About this exercise:
Find the line containing "Papillon des Forester", then print it and each line after it through the end of the listing exactly, with no pictures.

Material provided:
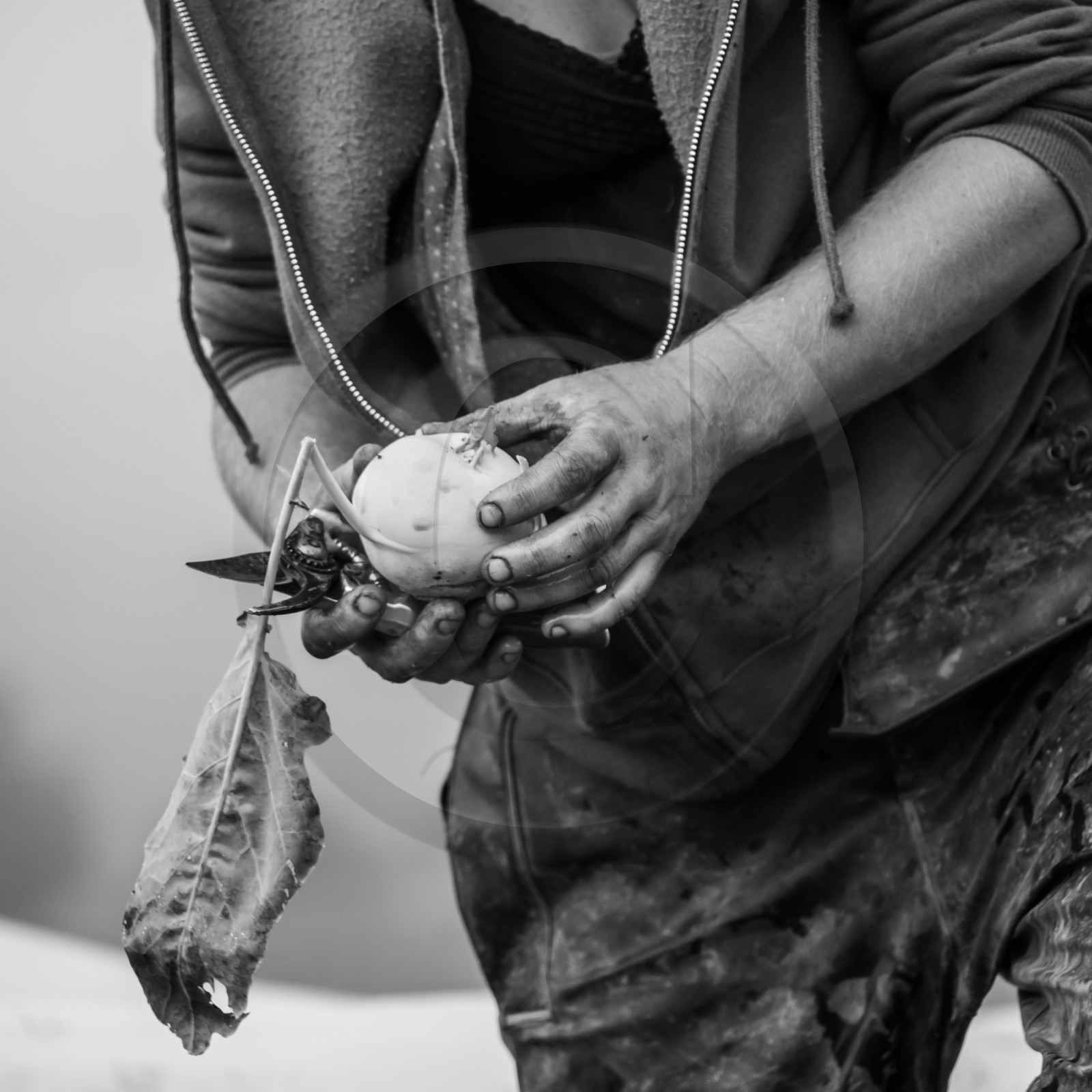 Maraichage biologique dans le Champsaur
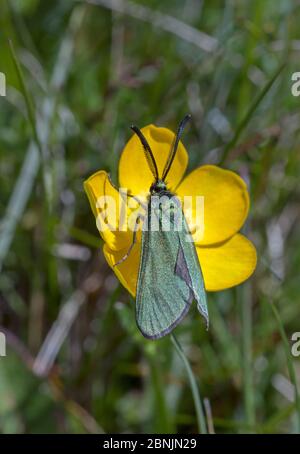 Papillon des Forester (Adscita statices) sur la fleur, Wiltshire, Royaume-Uni Mai Banque D'Images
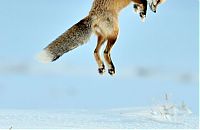 Fauna & Flora: Fox hunting for a mouse, Yellowstone National Park, Wyoming, United States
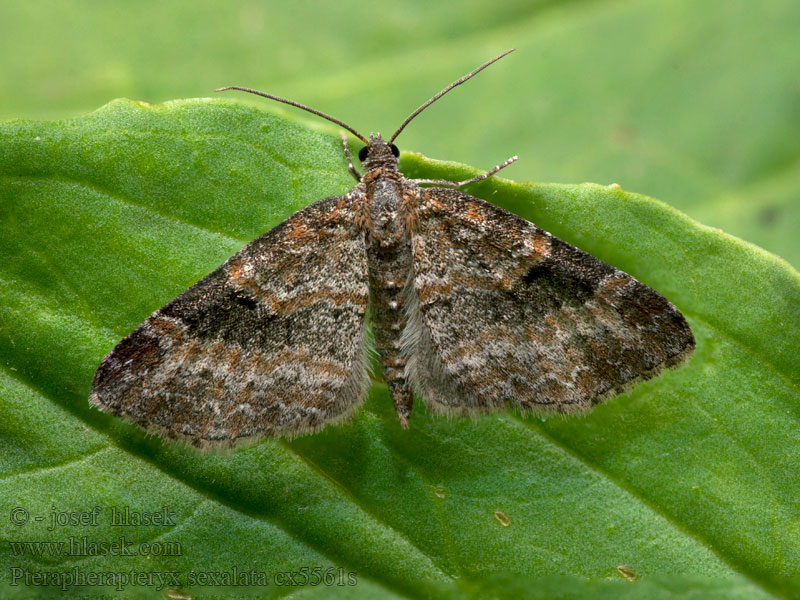 Pterapherapteryx sexalata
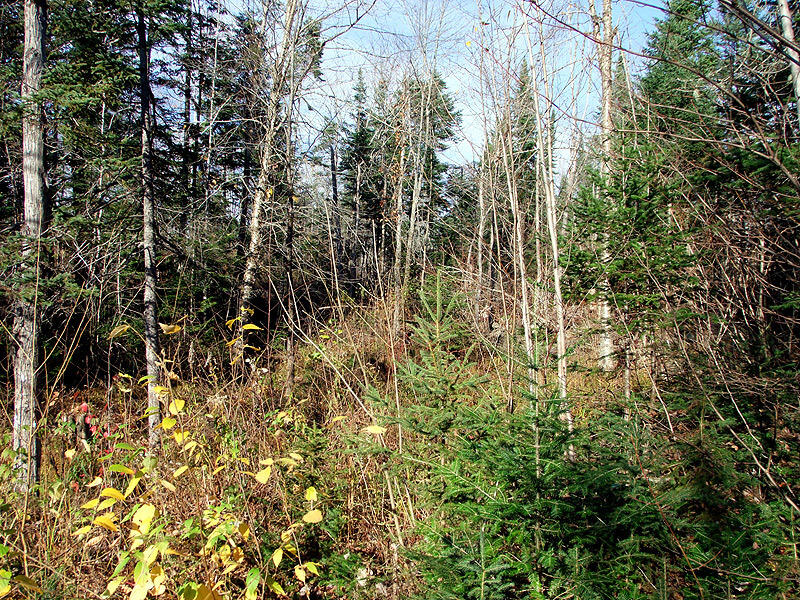 353 South Hemore Road Houlton, ME 04730 - Photo 10 of 35 lansingjones-ext8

Task result:
 Papillon des Forester (Adscita statices) sur la fleur, Wiltshire, Royaume-Uni Mai Banque D'Images
 Fauna & Flora: Fox hunting for a mouse, Yellowstone National Park, Wyoming, United States
 Pterapherapteryx sexalata
 353 South Hemore Road Houlton, ME 04730 - Photo 10 of 35 lansingjones-ext8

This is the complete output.